Two-Module Tool Removes Water from Natural Gas Wells

“Concurrent Water Collection” process developed at USC Viterbi School of Engineering may help prolong well life, increase production
Eric Mankin/ B. Khoshnevis
February 17, 2010 —

A USC Viterbi School of Engineering professor has invented a technique to improve natural gas production.

The newly patented method, called Concurrent Water Collection (CWC), addresses the perennial and difficult problem of water accumulation that slows and finally cripples low-pressure gas wells.

Collector-pushup
Two-module assembly, pushup module below, collector above.
Water is usually part of gas production. At first natural gas pressure pushes out the falling water drops, but, according to Professor Bekhrokh Khoshnevis of the USC Daniel Epstein Department of Industrial and System Engineering, "as the production of the well continues, the reservoir pressure drops over the years, to the point where water can no longer be lifted to the surface by gas flow."

Collector 1
Collector module -- detail
This results, Khoshnevis continues, "in the accumulation of water in the bottom of the wellbore, sometimes reaching a height of several thousand feet."

Several technologies, including plunger lift, automatic casing swab, rod pumps, soap sticks, or velocity strings, have been used in the past to overcome the problem of "liquid loading."

Each has drawbacks.

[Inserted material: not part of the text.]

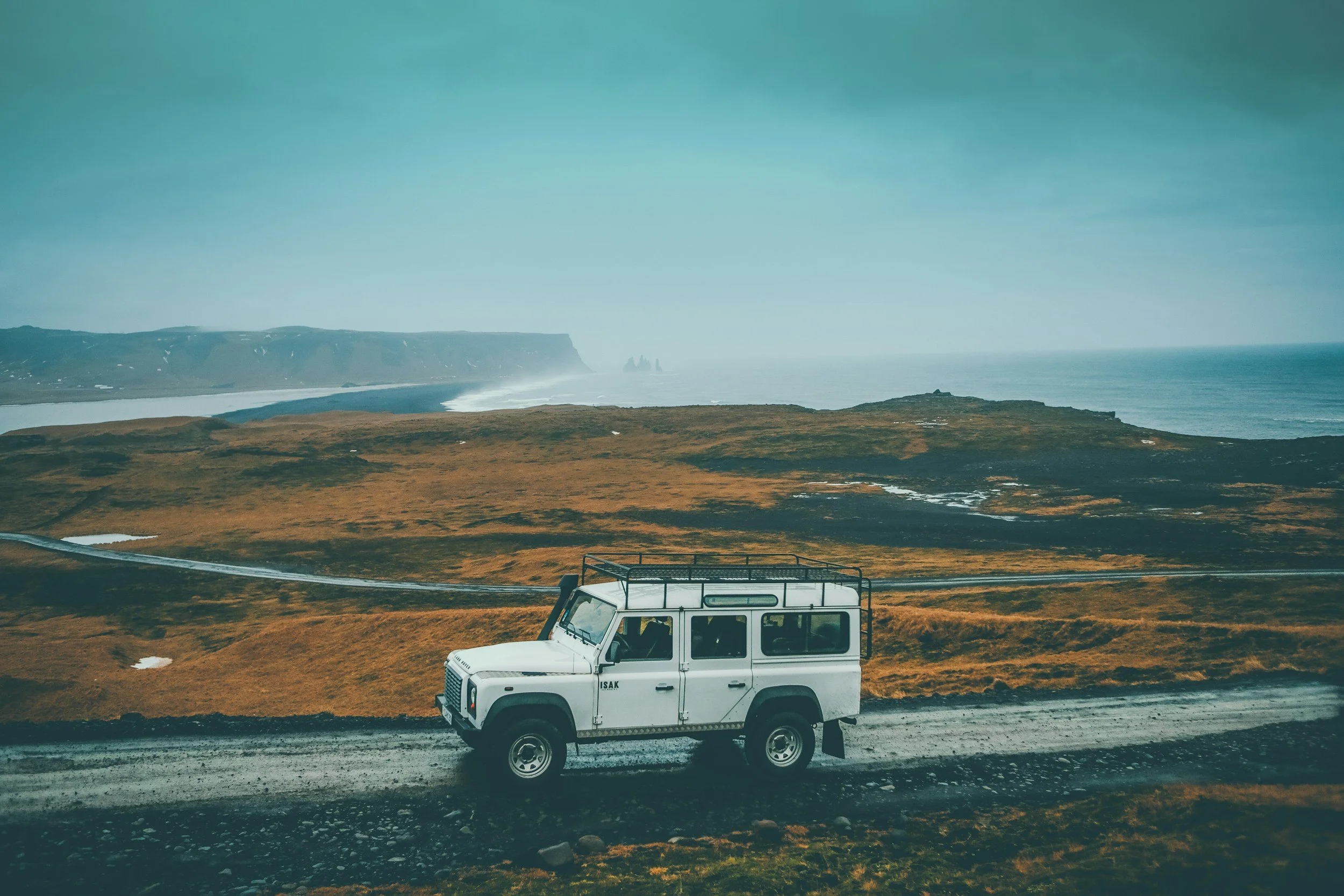 A white off-road vehicle driving on a gravel road through a remote, grassy landscape with cliffs and the ocean in the background.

Rod pumps can be expensive to operate. Gas lift wastes gas. Swabbing can also be costly and production can cease when wells are not effectively swabbed.

Industry has long looked for better ways to address the issue. The solution Khoshnevis hit upon was capturing water at relatively high well elevations rather than letting it go down to the well bottom.

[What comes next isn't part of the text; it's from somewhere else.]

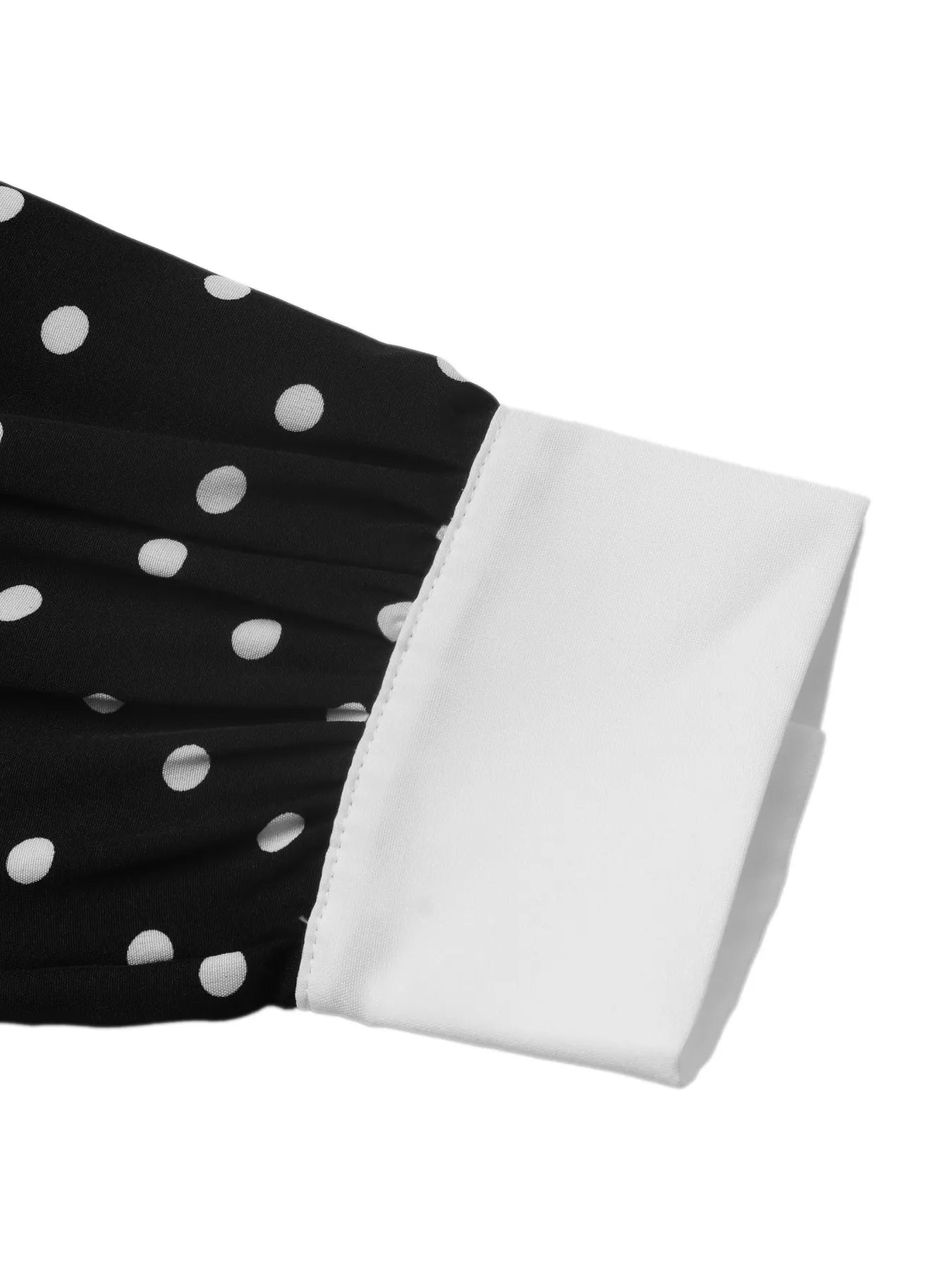 Black polka dot Peter Pan collar dress by Trendsi, featuring a classic design with a round collar and playful dot pattern.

"The system," he explained in a written exposition, "operates by means of two types of modules: a) a single Collection module which at 3000 feet accumulates the water flowing down from the tubing segment above, and b) a series of Water Push-Up modules which pass the accumulated water upward from one to another." (see illustrations)

Pushup
Push-up module - detail

The CWC system modules, according to the researcher, have a small number of moving parts, all operating with the natural pressure of the gas, and hence do not need external power. They operate automatically, and are expected to need minimal maintenance.

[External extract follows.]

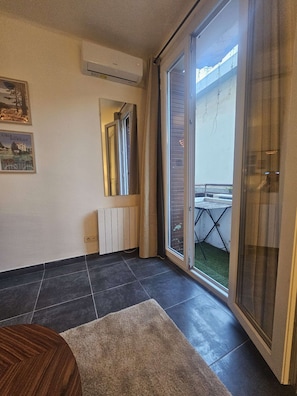 Ein Zimmer mit Fliesenboden, einem Heizkörper, einer Schiebetür zu einem Außenbereich mit Tisch und Stühlen sowie einem gerahmten Bild an der Wand.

The CWC concept was first validated by computer simulations which were followed by the construction and testing of several scaled physical prototypes.

The new method has potential to significantly improve the overall production throughput over the lives of wells. The amount of the production increase would depend on the condition of candidate wells. The lower the well pressure, the more significant the comparative impact of the new method will be, Khoshnevis says.

In the extreme case some gas wells which were abandoned because of low pressure may be brought back to life using the CWC technology.

Behrokh Khoshnevis

Khoshnevis, whose specialty is new manufacturing processes, began studying the problem at the Center for Interactive Smart Oilfield Technologies, a joint venture between the Viterbi School and Chevron Inc., which has since its establishment in 2003 brought together industry engineers with academics, often specialists in fields that have nothing to do with petroleum production.

Viterbi Engineering graduate students Mehdi Mojdeh, Jing Zhang, Reza Rastegar, Mahdi Yoozbashizadeh, and Kasra Zamani worked at various stages of this project.